> _EXERCISE DESCRIPTION_:
Your task is to repeat all of the data exactly while excluding the pictures.

> _AVAILABLE DATA_:
--------

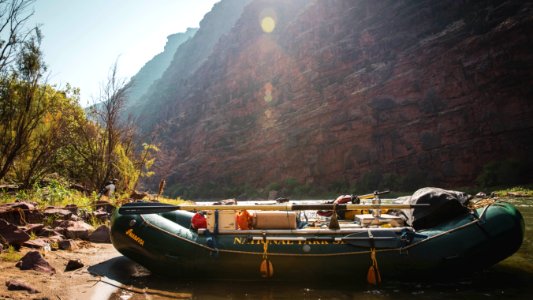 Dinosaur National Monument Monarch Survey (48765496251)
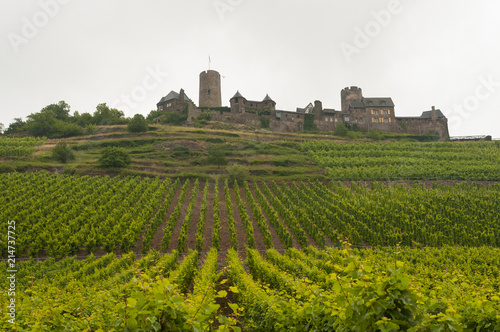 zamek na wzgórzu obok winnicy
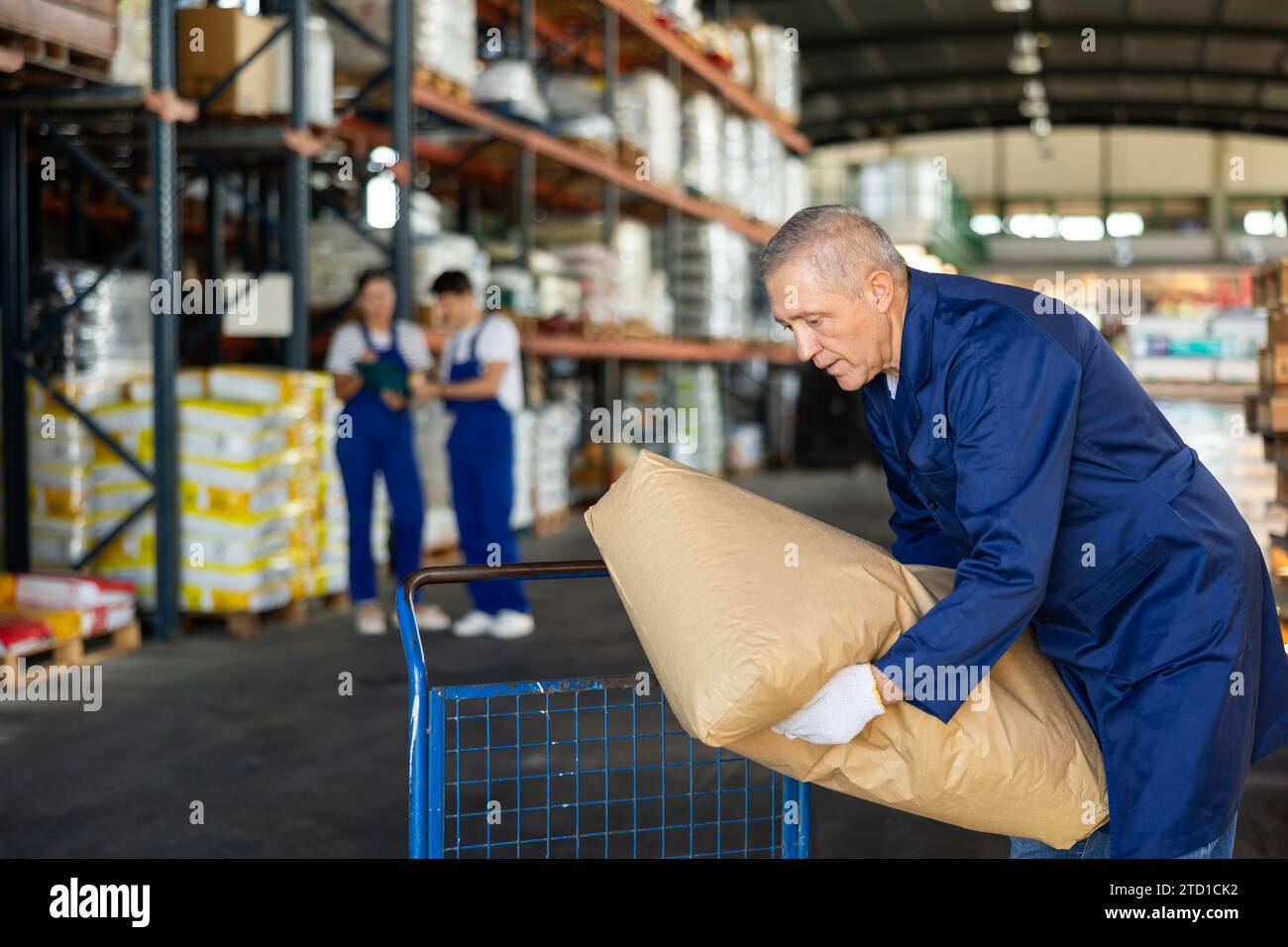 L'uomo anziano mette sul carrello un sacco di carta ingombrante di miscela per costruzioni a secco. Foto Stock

--------

> _EXERCISE SOLUTION_:
 Dinosaur National Monument Monarch Survey (48765496251)
 zamek na wzgórzu obok winnicy
 L'uomo anziano mette sul carrello un sacco di carta ingombrante di miscela per costruzioni a secco. Foto Stock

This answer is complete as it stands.